Wanderings

A Question for Peter

Sometimes, what we read in the Bible is very clear. Other times, it's as clear as mud. We tend to get hung up on those unclear passages and get trapped in the mud.

If you have never lived where there were dirt roads, you can't understand that logic. Dirt roads without gravel were traps. You had to learn to drive in the ruts left by vehicles that had preceded you. Hopefully one of those vehicle was a truck. That was because the bottom of the rut was more firm – you could keep driving. It was when you got out of the rut that you got stuck in the mud.[more]
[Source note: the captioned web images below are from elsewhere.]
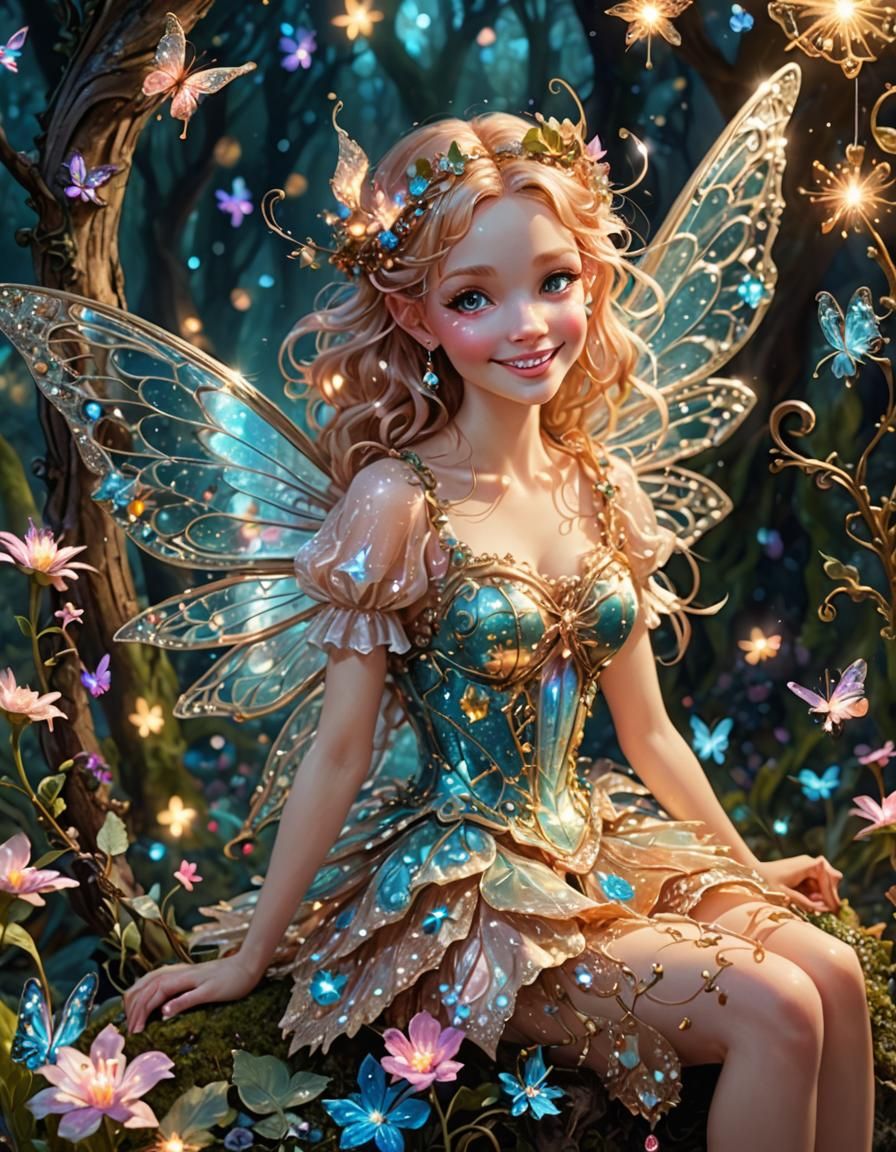 Smiling Fairy in Sparklecore Wonderland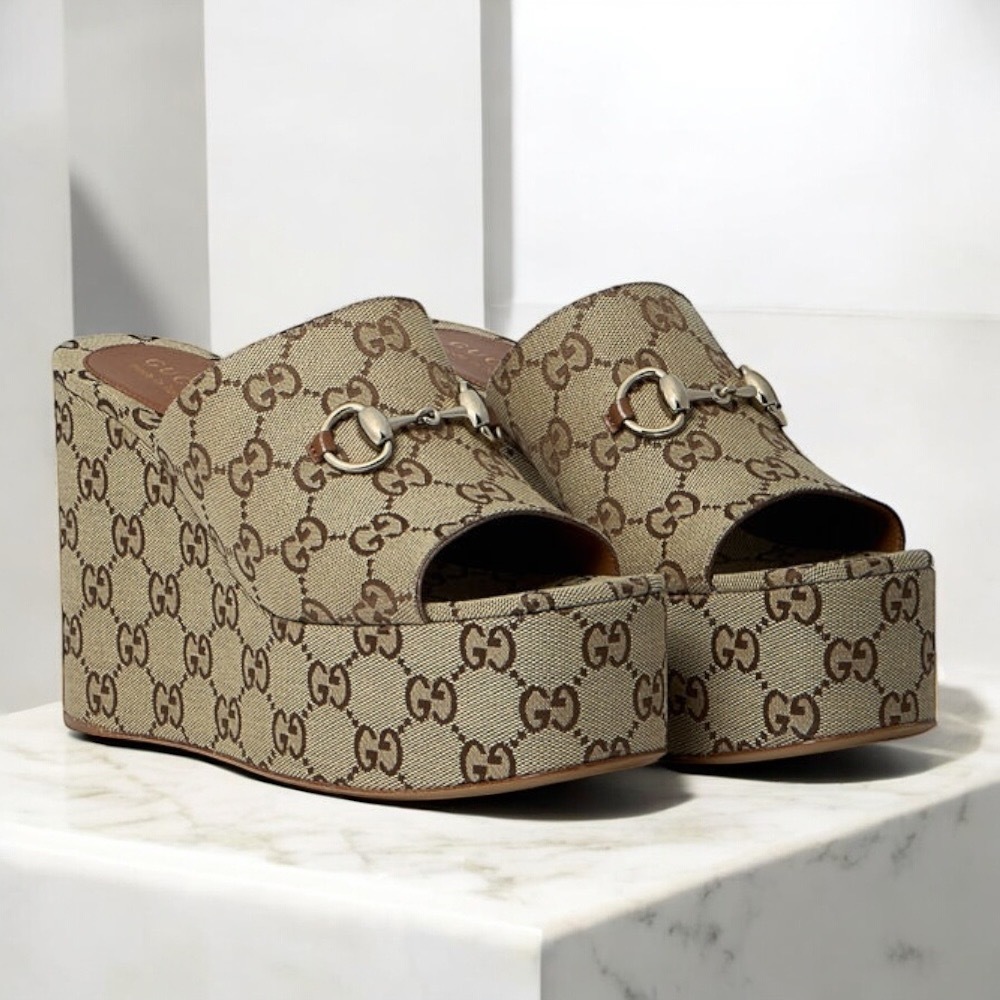 GUCCI ホースビット ウェッジサンダル
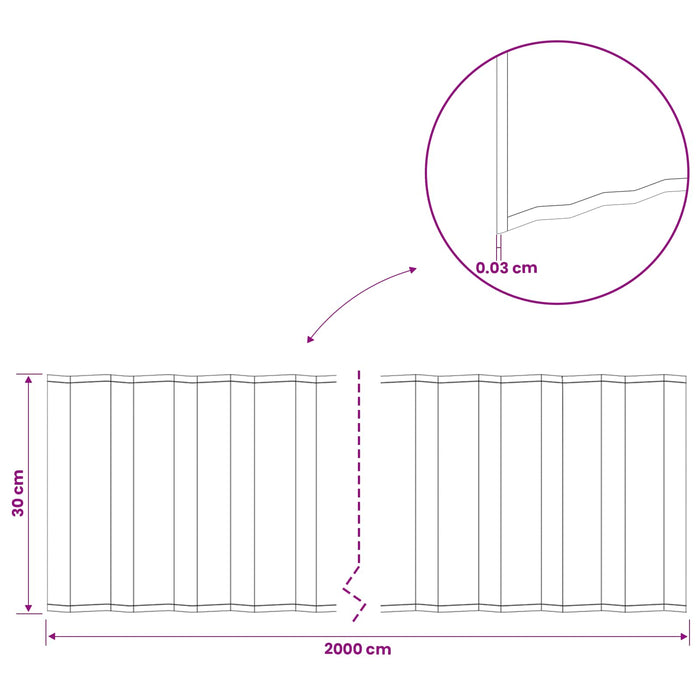Margine pentru gazon 20 m x 30 cm Oțel Galvanizat Argintiu WALTI
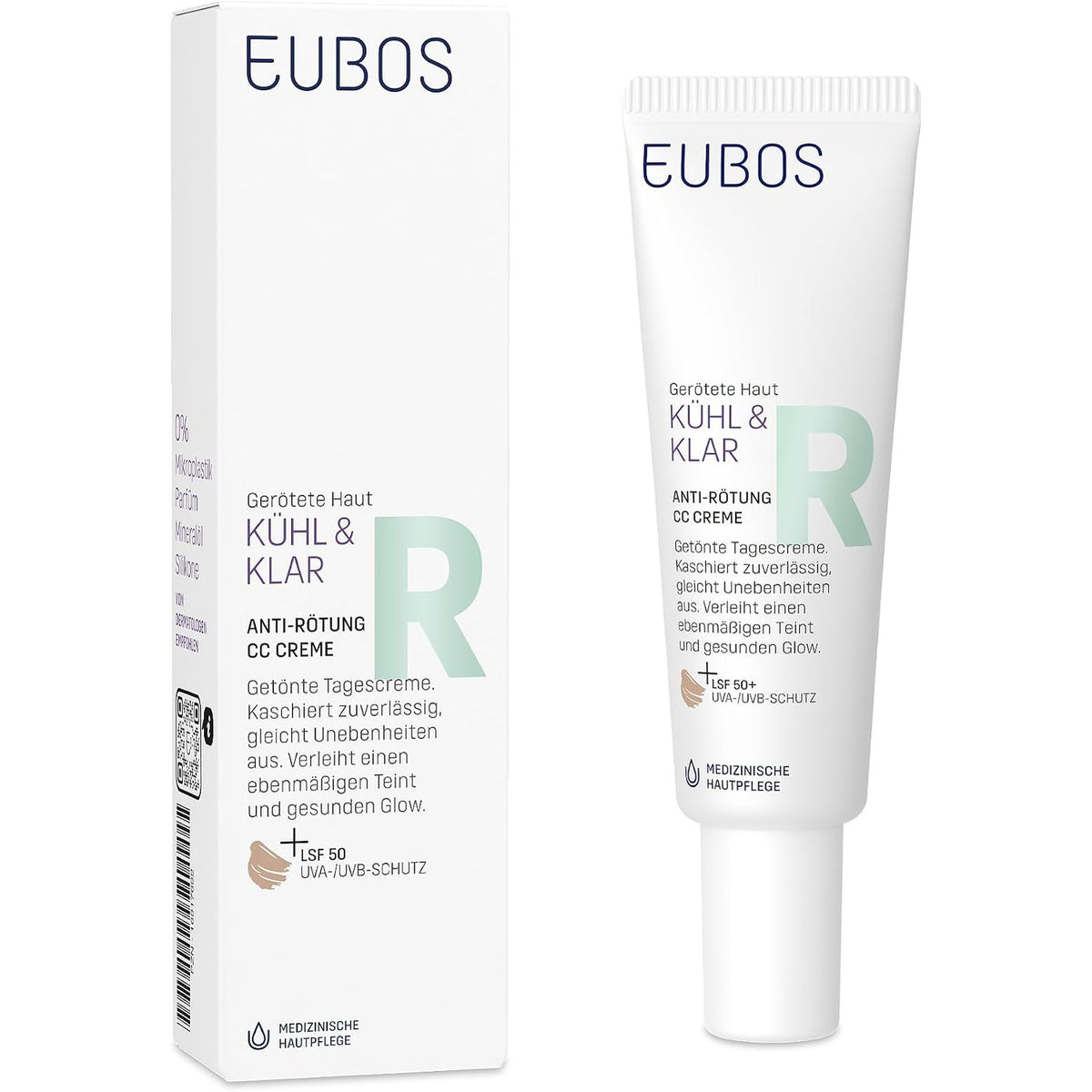 298374 - EUBOS KREM CC COOL & CLEAR, Krem dite me nuancë për lëkurë të skuqur, SPF 50, 30ml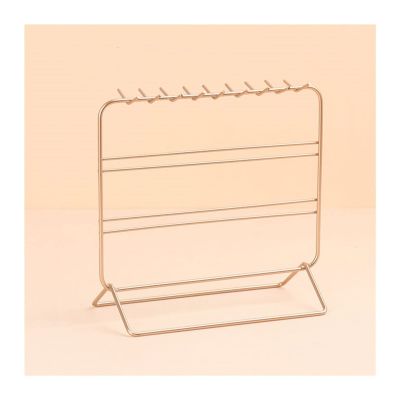 YANZHEXIN Jewelry armoire Jewelry Storage Rack Bracket Iron Jewelry Storage Rack Metal Jewelry Storage Rack Hanging Earrings Bracelet Display Ornament jewerly Tree organizing (Color : Gold)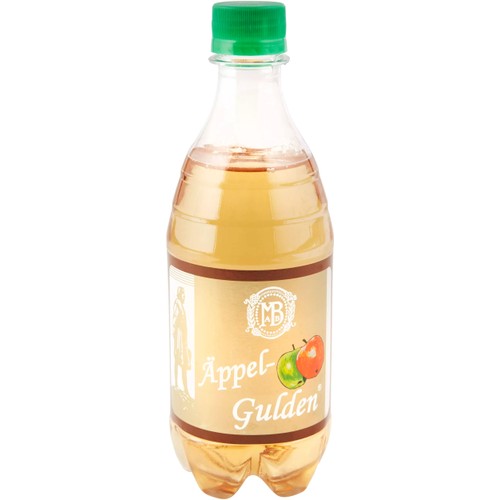 Kolsyrad läskedryck Äppelgulden 50cl Mora Bryggeri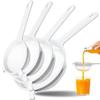 Kitchen Nut Milk Filter Plastic Fine Mesh Spoon Strainer Flour Sieve with Handle Soy Milk Coffee Filter Colanders Kitchen Tools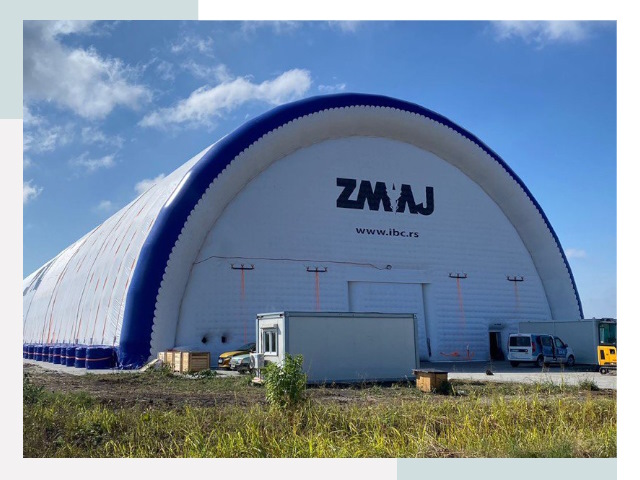 Брендирование ангаров в Железнодорожном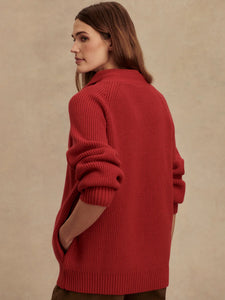 VARLEY SITGES BUTTON-THROUGH KNIT - LAVA FALLS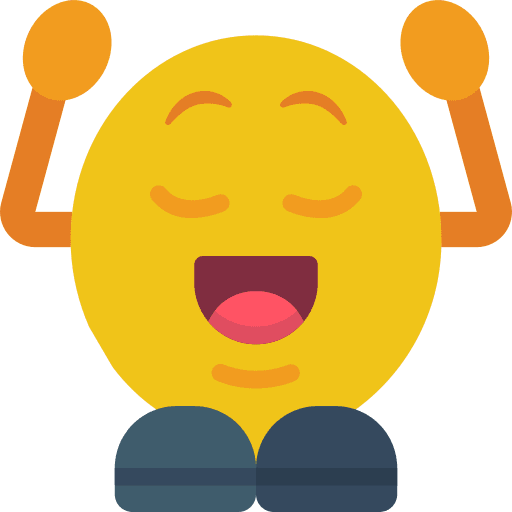 Relaxed smiling emoticons emoji icon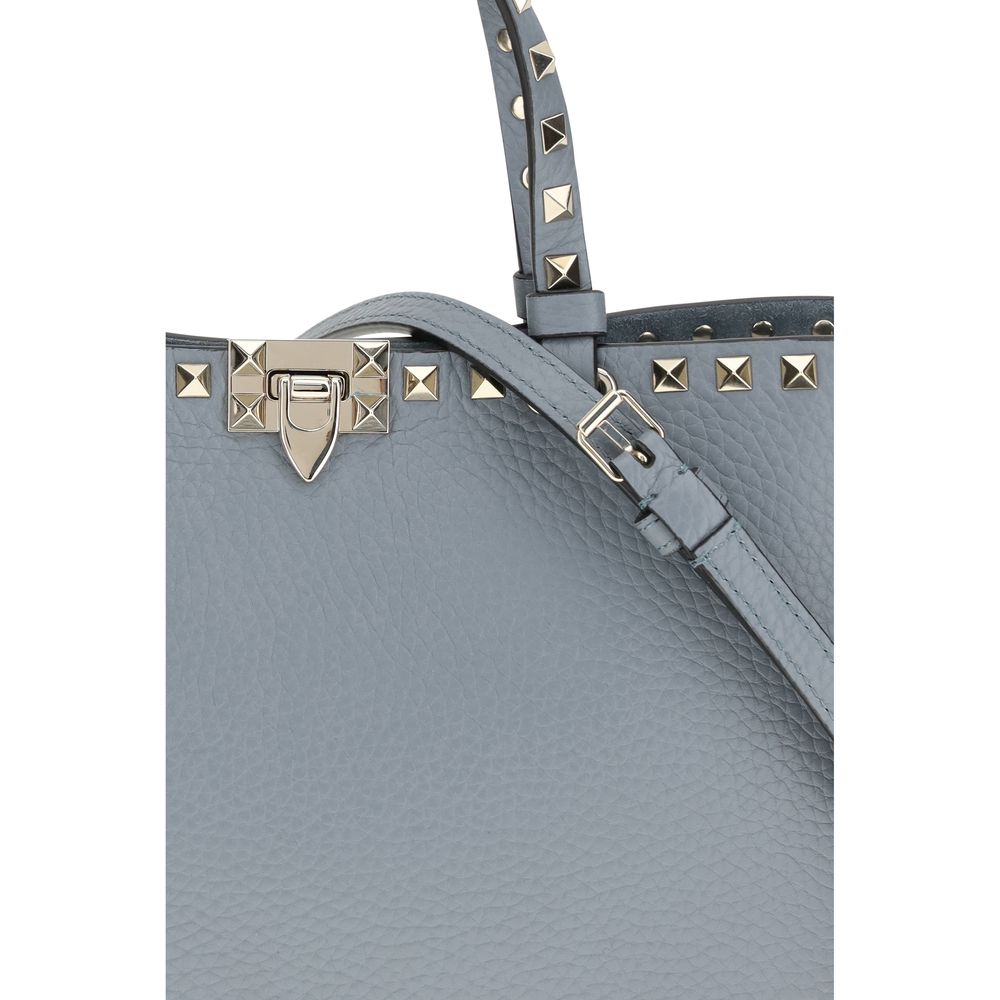 Valentino Garavani Blue Calf Leather Bos Taurus Shoulder Bag | Regal Royce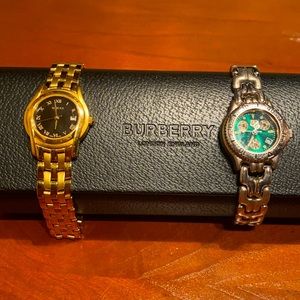 Beautiful vintage gold watch for women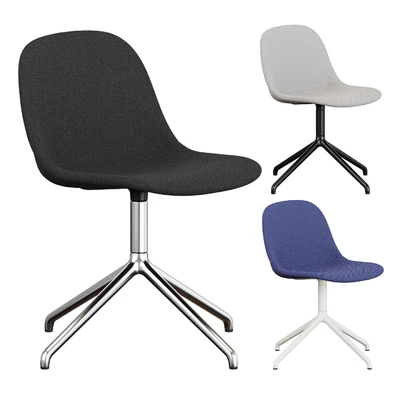 Muuto Fiber Fabric Side Chair Plastic Swivel Base — Ver 3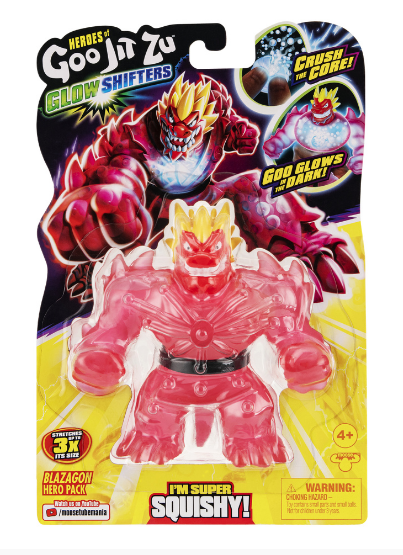 HEROES OF GOO JIT ZU 42501 GLOW SHIFTERS BLAZAGON SQUISHY HERO PACK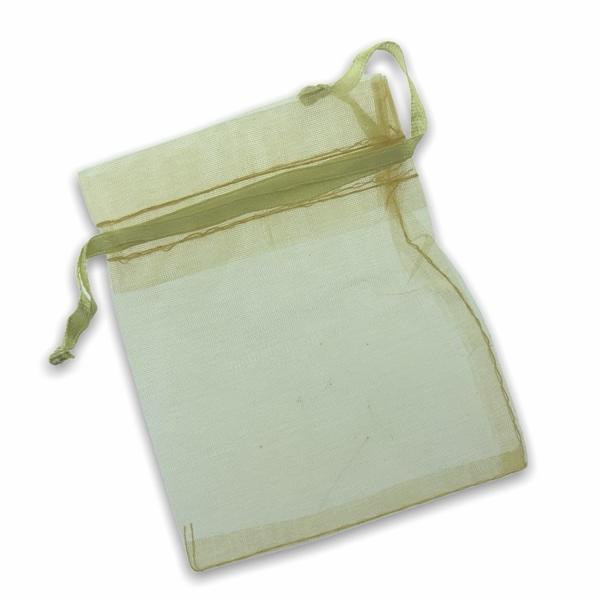 Organza zakjes geel 8x10cm - 5 stuks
Once stuck in the mud, it was a chore to "rock" your vehicle just so that your tires found something to grab on and allow you to get back in the rut. I remember one night when my grandmother was driving through my home town in Oklahome and she veered out of the rut. That red clay soil was at time like ice or snow. Two kids under 10 were no real help in getting "unstuck", and so she left the car sitting there in the middle of the street with the lights on, and we walked to the house in the rut.

That could happen to us here in First Peter at the end of Chapter three. I don't understand it, and won't get caught up in trying to figure out what he is saying. The answer will come when I meet Peter and can ask him face-to-face just what he meant. Until then, I will just keep reading. Don't want to get stuck in the mud.